Harding se retourna, la main serrée sur son outre, prêt à s’en servir pour assommer son interlocuteur.
— Pardon, je ne voulais pas te surprendre. Je suis marchand. Je me nomme Garan. Nous devons descendre avec nos chariots vers le sud jusqu’au Gondor. Je voulais juste discuter avec toi pour savoir quelles étaient les nouvelles du Rohan. C’est tout. Le jeune roi est-il ouvert au commerce extérieur ? Peut-on espérer le rencontrer ? Nous venons d’Arnor et avons des propositions à lui faire. Fronçant les sourcils,
Harding se détendit à peine. Il n’avait pas prévu de s’éterniser en discussions. La fatigue lui pesait.

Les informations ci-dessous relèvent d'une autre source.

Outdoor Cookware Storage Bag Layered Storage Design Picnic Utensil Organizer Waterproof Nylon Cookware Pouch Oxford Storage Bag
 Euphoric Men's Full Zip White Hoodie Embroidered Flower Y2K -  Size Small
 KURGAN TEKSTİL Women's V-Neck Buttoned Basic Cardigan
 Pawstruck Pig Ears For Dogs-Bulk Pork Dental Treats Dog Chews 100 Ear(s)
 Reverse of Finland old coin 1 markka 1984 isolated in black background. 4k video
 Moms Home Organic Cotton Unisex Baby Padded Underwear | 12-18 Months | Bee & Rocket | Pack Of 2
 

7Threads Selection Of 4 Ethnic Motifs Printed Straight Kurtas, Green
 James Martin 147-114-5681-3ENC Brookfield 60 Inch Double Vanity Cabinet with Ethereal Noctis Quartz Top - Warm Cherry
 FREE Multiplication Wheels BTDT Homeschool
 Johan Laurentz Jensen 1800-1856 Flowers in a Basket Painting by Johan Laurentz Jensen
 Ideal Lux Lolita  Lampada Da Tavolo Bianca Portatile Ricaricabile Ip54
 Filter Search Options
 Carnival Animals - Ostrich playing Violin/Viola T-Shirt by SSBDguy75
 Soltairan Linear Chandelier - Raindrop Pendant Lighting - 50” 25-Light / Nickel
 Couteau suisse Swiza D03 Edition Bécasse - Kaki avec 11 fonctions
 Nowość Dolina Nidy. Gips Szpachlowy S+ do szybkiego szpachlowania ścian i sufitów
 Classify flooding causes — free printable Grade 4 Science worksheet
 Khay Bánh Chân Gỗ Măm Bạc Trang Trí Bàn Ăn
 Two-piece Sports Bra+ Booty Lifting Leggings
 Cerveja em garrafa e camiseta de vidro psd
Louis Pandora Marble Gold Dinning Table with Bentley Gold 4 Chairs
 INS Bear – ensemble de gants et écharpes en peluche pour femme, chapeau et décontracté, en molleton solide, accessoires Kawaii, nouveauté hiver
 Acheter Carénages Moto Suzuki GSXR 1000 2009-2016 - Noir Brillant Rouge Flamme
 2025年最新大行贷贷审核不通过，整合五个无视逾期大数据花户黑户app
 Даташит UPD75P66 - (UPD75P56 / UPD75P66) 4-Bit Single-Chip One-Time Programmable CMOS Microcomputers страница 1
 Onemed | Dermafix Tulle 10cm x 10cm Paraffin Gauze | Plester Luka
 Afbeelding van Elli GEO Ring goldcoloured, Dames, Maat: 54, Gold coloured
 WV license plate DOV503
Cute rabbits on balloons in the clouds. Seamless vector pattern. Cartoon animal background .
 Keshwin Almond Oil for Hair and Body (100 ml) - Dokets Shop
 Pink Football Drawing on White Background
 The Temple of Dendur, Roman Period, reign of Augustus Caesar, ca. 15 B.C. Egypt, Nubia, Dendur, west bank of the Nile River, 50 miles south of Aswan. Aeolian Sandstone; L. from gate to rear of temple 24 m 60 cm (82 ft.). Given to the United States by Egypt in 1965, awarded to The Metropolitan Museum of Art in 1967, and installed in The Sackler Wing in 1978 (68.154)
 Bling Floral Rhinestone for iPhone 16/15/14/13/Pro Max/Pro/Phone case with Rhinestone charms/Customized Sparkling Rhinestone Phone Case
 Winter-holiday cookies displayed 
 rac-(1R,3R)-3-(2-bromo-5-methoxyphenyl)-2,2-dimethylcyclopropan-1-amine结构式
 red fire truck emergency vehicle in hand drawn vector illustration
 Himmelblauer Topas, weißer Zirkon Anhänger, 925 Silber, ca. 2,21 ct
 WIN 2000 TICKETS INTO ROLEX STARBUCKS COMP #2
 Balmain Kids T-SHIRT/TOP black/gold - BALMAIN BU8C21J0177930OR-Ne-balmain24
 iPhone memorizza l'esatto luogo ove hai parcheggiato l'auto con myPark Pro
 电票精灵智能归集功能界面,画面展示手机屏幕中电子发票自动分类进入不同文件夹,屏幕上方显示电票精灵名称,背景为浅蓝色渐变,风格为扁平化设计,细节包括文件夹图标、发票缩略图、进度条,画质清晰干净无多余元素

— La route est bonne, jamais sûre, à cause des gens de Dun. Je suis parti du Rohan dans un royaume en paix. S’entendre dire cela lui noua l’estomac. Il redoutait de revenir dans un royaume ravagé par le chaos, couvert de poussière de sang séché, détruit par une menace invisible qui lui étreignait le cœur depuis qu’il avait franchi l’Isen. Gallen Mortensen avait la situation en main, les querelles intestines s’étaient apaisées, les moutons reviendraient gras et les agneaux nourriraient de nombreuses familles. De nouveaux traités devaient être signés avec les nains de sous les montagnes. Mais… mais le Vice-Roi l’avait pressé avec tant d’ardeurs de quitter le royaume pour retrouver le petit Holbytla que
Harding ne pouvait se défaire de l’idée qu’une nouvelle menace viendrait ravager son pays.
— Mais le roi n’est pas au Rohan. L’enfant vit en Isengard, au pied du pays des arbres vivants.
— Nous en avons entendu parler. Cela n’arrangera pas nos affaires, mais si nous devons nous résoudre à nous rendre en Isengard, nous irons. Et toi ? Quel vent te porte si loin de tes terres ?
— La chasse à la mangouste, lâcha
Harding.
Surpris, mais constatant que leur interlocuteur n’en dirait pas davantage, les marchands le quittèrent en le remerciant poliment.
Harding trouva un banc où s’asseoir et sa gourde à la main, s’endormit.
Il fut réveillé par une petite main venue fureter dans une de ses poches. Dans un sursaut,
Harding attrapa la pogne du petit et lui tordit le poignet. L’enfant cria, attirant l’attention de trois ou quatre personnes assises dans la pièce. Le gamin faillit pleurnicher avant de le mordre et de lui mettre un coup de pied dans le tibia. Un vieil homme ricana dans sa main.
— Dangereuse chasse, dit-il.
Êtes-vous sûr de vouloir déloger un vieux renard endormi ? Le goupil a mauvaise réputation sur ces terres et bien des hommes rêvent de le tuer pour en vendre la peau.